**Extracted data**
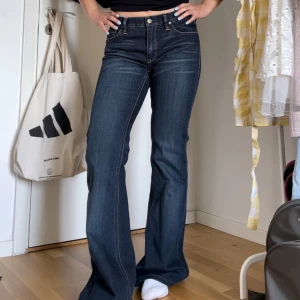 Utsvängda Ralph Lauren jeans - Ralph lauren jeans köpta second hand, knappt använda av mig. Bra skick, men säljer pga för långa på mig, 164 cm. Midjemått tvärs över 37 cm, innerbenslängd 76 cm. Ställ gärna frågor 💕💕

==

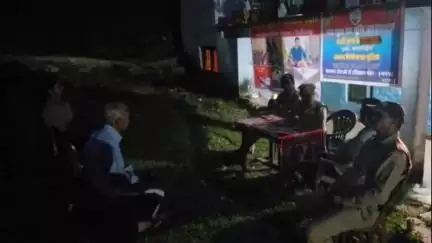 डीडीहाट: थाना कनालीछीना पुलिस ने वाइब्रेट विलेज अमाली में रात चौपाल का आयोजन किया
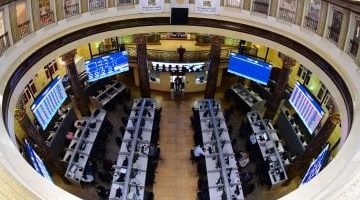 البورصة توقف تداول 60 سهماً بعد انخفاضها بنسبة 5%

**Work instructions**
Copy out the lines above from the line containing "डीडीहाट: थाना कनालीछीना" through the line containing "البورصة توقف تداول", exactly, and keep the pictures out.

**Task result**
 डीडीहाट: थाना कनालीछीना पुलिस ने वाइब्रेट विलेज अमाली में रात चौपाल का आयोजन किया
 البورصة توقف تداول 60 سهماً بعد انخفاضها بنسبة 5%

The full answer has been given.